I’m not sure why I picked up this book. I think I recall the cover art catching my eye when I was perusing the books in the shop on Haight (side note: haven’t fully figured out how I feel about how cover art has evolved). I briefly read the inside cover and saw it was a memoir about a person’s experience with grief, diaspora, nostalgia and family. Admittedly, I find myself frequently consumed by these themes and lack ways to wrap my head around them. I yearn to understand them more fully - maybe in the vain attempt to emotionally bulletproof my future self. Unsurprisingly, this method hasn’t worked for me in the past.
When I described the read to my dad (his library is chock full of lengthy history, politics, and science books), he questioned who the author was.
“Why her story?”
He had never heard of the author’s name, Kat Chow. And in fact, neither had I. But in contemplating my response, I found it fitting that this was the story of someone I did not know. That the experience of grief and memory is something that we all share - simultaneously the most individually personal and ubiquitous human experience. I found myself clinging to certain ways in which she described the grief of her mom passing when she was a child, and empathizing with parts of her story in which I couldn’t see myself.
In some ways, I think grief exists in the fourth dimension. It reaches across time and space. Chow described moments when she could see memory in real time - sharing soup with her father and simply knowing this would be a scene she would return to in the future. I think we all have those moments, and to me, they can sometimes bring about intense waves of preemptive grief. No matter how fiercely I grasp at that moment, it will slip away and fade into whatever way my brain elects to store it. I can see my future self clicking replay and feeling the deep pang of longing and nostalgia.
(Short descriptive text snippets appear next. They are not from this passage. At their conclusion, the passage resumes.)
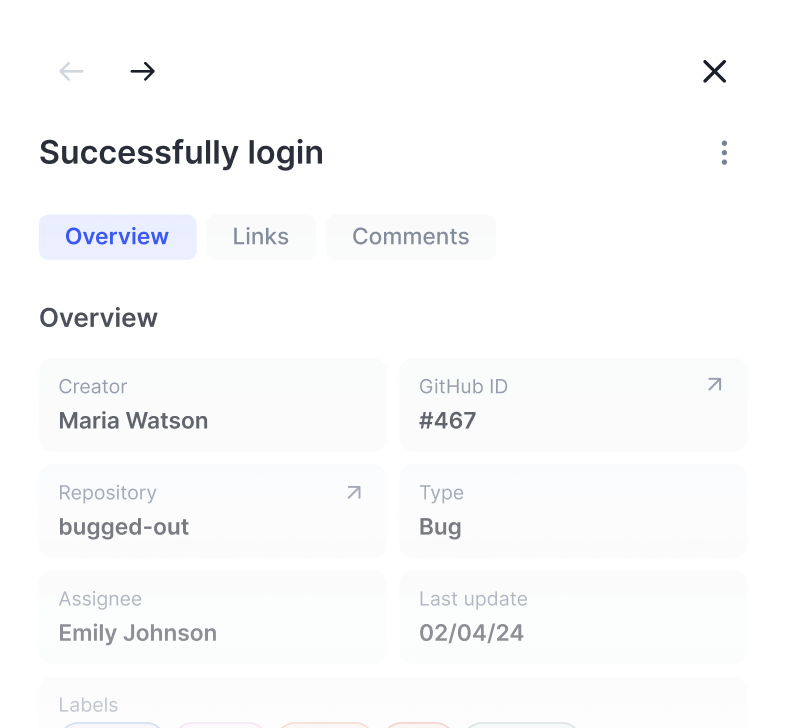 User interface showing radio buttons for Test format and Result format with Result format selected, text input named Basic result, toggle for Assign as default off, tabs for Rule 1 and Rule 2 with Rule 2 active, status filters In progress and Passed applied, Manage tags toggle on, and a custom field labeled Success notes.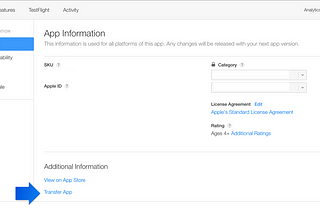 Transfer/Move your app from one Developer account to another Developer account(AppStoreConnect)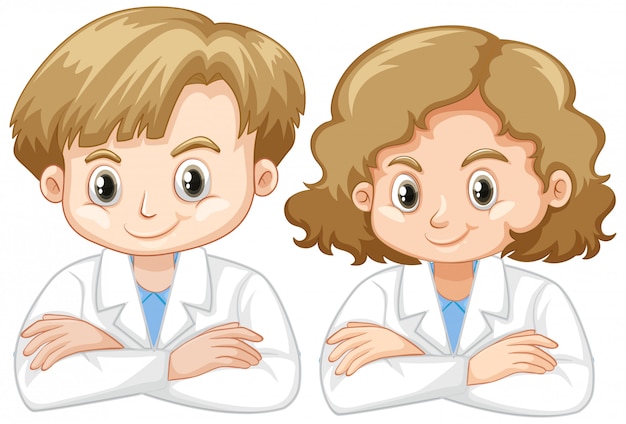 Niña y niño en bata de ciencia en blanco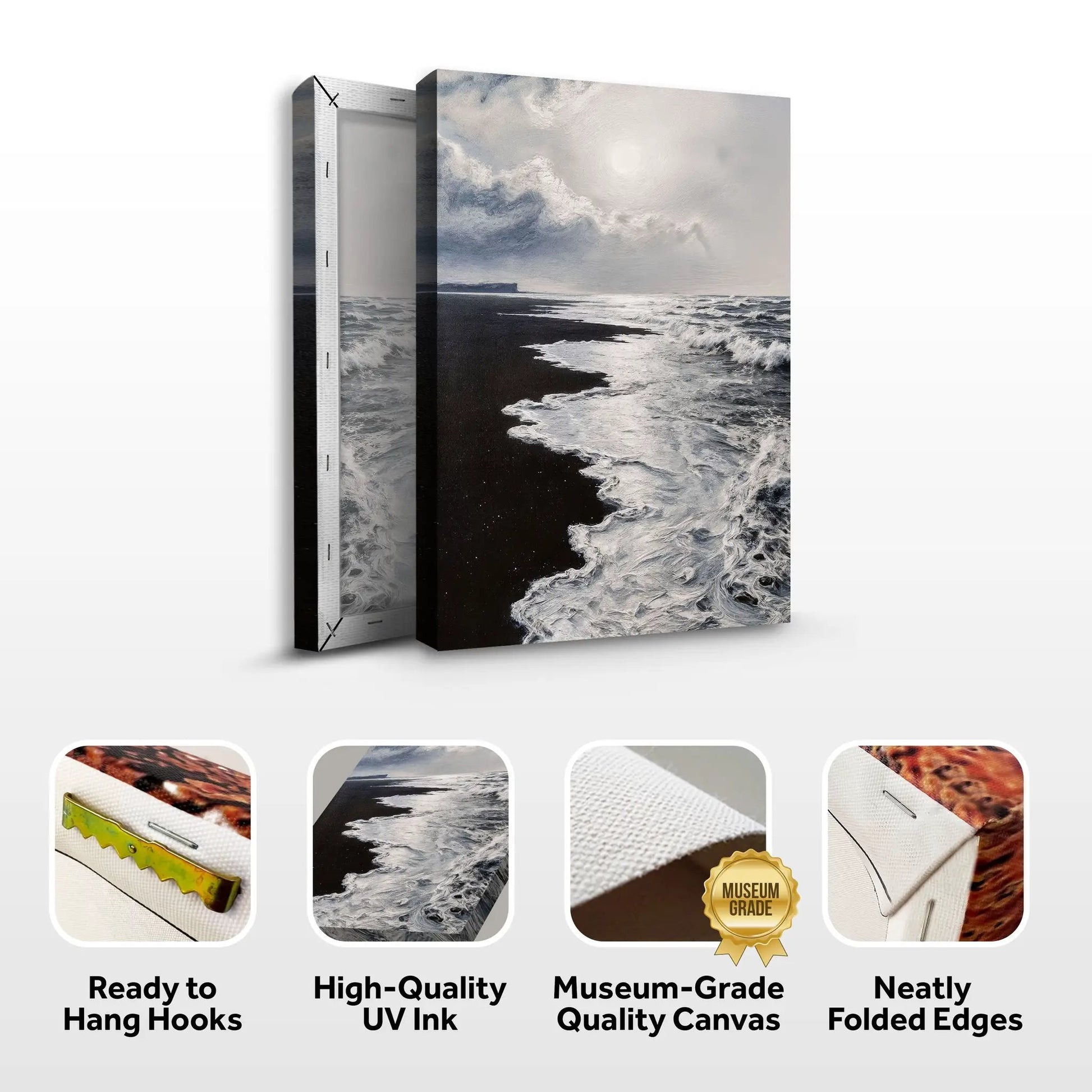 Canvas wall art Black & White Waves Abstract seascape by Tailored Canvases on Tampa Home & Garden Store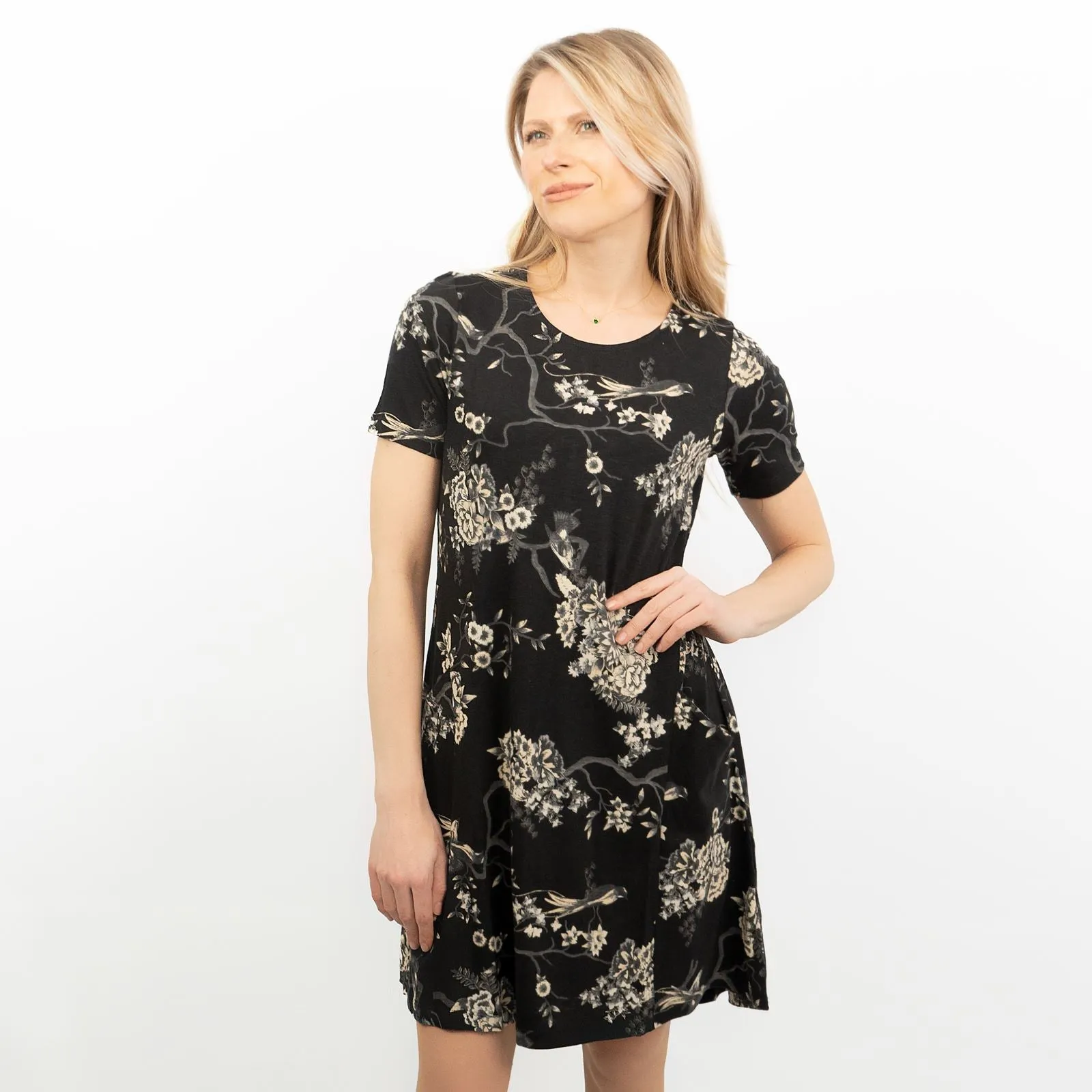 Oriental Garden Black Short Sleeve Simone Dress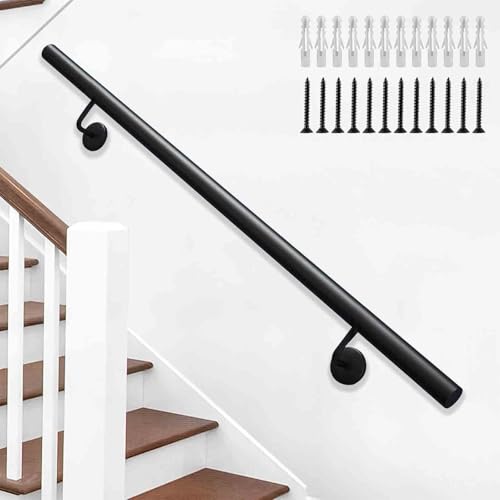 30 cm – 600 cm Metall-Treppengeländer – Wandmontierte Handläufe für Innentreppen, rutschfeste Treppengeländerhandläufe mit komplettem Set, Sicherheitsstützstange für den Hauskorridor(120cm) von Drsyffsup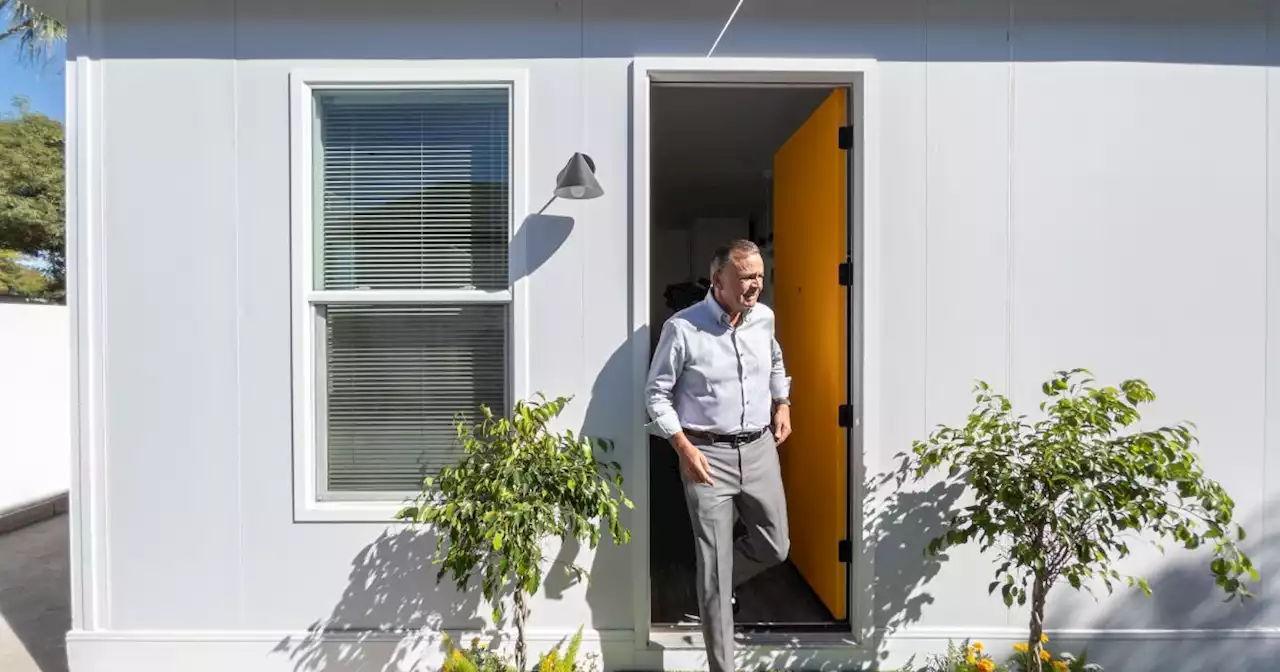 Column: $60,000 'casitas' and giant awnings: Caruso, Bass pitch cheaper homeless units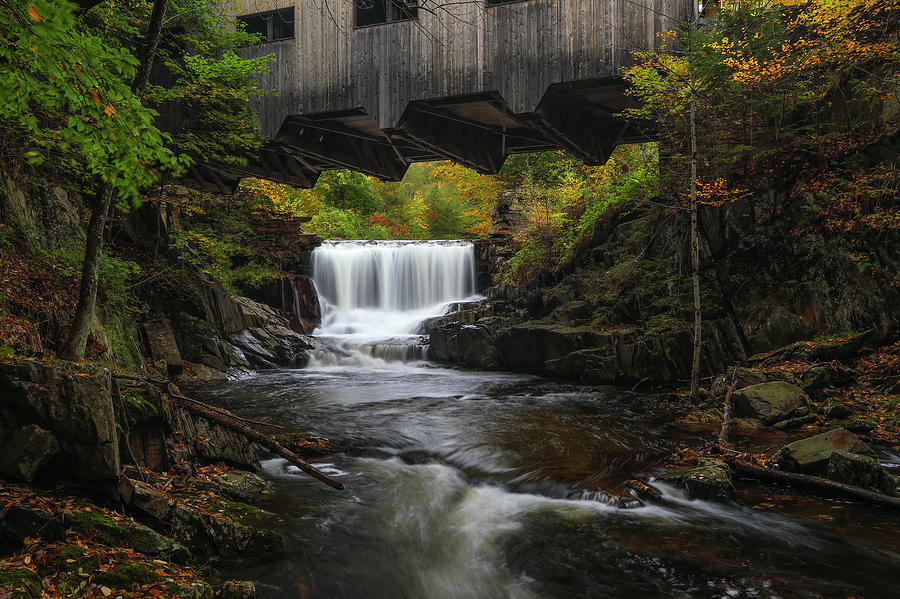 Mill Brook Falls and Bissell Covered Bridge Photograph by Juergen Roth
And what if my memory doesn’t stand the test of time? If I can’t even trust myself to save these moments? Core memories of my grandma, aunt, grandfather, and great aunt already see withering around the edges, the mechanics of my recall rusting over time. I don’t think that it’s as easy as saying “all we have is the present.” The present is a mosaic of the past and a path to
the future - it spans so many more dimensions than here and now. I’m not quite sure what catch-all phrase can really prepare us for these deep, guttural experiences.
I think that’s why I fixate on physical, tangible objects - the costume jewelry from my grandma, the John Mayer album that my grandma and I bought together at a flea market, julekake, my mom’s leather coat, frijoles negros, my dad’s skis. If I can’t trust my own memory or stand to stare my fading recollections in the face, then I can rely on these objects to store them for me. That I can adorn myself with the details that I can’t retain or consume the same meal that was shared at dinner tables past with conversations lost to the ether. Maybe it helps me avoid thinking about how I feel I have betrayed my loved ones with my leaky mind.
I appreciate Chow’s candor and vulnerability - it was a contemplative read that dipped into my own personal experiences, but allowed me to briefly inhabit hers too. I believe that is a gift. None of this solved the way in which I think about grief or nostalgia - they are unsolvable mysteries that I will return to for the rest of my life, for better or for worse.